Only one stretch of the listing below is wanted. Begin at the line that has "Picture of female", stop after the line that has "An off-road dune", and repeat every line in between exactly.
(Beginning of Data to use)
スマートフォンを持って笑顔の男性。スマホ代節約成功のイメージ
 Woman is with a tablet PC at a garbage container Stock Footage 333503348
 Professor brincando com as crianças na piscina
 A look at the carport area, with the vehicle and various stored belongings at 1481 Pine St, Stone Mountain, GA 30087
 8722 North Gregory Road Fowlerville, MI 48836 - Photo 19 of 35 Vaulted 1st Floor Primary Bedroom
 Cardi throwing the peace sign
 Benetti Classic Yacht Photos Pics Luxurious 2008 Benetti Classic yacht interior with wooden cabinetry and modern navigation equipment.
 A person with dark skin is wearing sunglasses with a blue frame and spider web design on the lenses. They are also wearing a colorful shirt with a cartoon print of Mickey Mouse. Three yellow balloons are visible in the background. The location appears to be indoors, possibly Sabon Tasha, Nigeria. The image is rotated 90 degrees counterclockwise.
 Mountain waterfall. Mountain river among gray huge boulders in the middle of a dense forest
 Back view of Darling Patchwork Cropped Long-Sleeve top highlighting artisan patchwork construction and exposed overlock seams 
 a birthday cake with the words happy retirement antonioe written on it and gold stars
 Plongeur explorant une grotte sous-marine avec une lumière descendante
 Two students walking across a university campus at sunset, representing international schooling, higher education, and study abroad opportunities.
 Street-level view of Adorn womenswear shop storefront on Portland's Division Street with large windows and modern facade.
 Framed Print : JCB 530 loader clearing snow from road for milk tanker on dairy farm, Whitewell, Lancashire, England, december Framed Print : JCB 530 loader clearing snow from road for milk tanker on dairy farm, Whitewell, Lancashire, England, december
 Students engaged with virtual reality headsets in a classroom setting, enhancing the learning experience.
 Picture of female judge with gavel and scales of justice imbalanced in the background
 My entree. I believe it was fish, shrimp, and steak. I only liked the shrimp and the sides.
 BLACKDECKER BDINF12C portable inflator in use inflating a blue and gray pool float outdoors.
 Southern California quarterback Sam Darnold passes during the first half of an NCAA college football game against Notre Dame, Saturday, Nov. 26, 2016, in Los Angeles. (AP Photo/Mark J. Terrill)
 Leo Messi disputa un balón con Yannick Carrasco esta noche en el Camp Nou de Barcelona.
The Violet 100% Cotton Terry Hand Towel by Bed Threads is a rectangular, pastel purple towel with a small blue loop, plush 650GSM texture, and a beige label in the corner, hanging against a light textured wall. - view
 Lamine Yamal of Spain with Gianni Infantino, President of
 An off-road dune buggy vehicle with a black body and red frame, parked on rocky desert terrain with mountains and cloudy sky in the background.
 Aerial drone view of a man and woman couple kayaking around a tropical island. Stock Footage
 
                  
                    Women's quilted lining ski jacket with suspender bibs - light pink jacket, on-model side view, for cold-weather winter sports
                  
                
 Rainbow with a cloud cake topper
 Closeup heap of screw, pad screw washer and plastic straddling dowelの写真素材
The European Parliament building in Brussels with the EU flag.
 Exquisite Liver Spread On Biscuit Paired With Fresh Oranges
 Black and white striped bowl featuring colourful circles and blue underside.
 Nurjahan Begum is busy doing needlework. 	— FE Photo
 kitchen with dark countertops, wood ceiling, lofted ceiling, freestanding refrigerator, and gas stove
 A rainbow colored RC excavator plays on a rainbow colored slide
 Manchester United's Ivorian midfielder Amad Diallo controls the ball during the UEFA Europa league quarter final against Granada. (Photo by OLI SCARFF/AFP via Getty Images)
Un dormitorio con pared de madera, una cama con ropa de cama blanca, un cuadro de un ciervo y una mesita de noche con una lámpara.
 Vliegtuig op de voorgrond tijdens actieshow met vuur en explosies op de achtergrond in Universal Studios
(End of Data to use)
(Result for this exercise):
 Picture of female judge with gavel and scales of justice imbalanced in the background
 My entree. I believe it was fish, shrimp, and steak. I only liked the shrimp and the sides.
 BLACKDECKER BDINF12C portable inflator in use inflating a blue and gray pool float outdoors.
 Southern California quarterback Sam Darnold passes during the first half of an NCAA college football game against Notre Dame, Saturday, Nov. 26, 2016, in Los Angeles. (AP Photo/Mark J. Terrill)
 Leo Messi disputa un balón con Yannick Carrasco esta noche en el Camp Nou de Barcelona.
The Violet 100% Cotton Terry Hand Towel by Bed Threads is a rectangular, pastel purple towel with a small blue loop, plush 650GSM texture, and a beige label in the corner, hanging against a light textured wall. - view
 Lamine Yamal of Spain with Gianni Infantino, President of
 An off-road dune buggy vehicle with a black body and red frame, parked on rocky desert terrain with mountains and cloudy sky in the background.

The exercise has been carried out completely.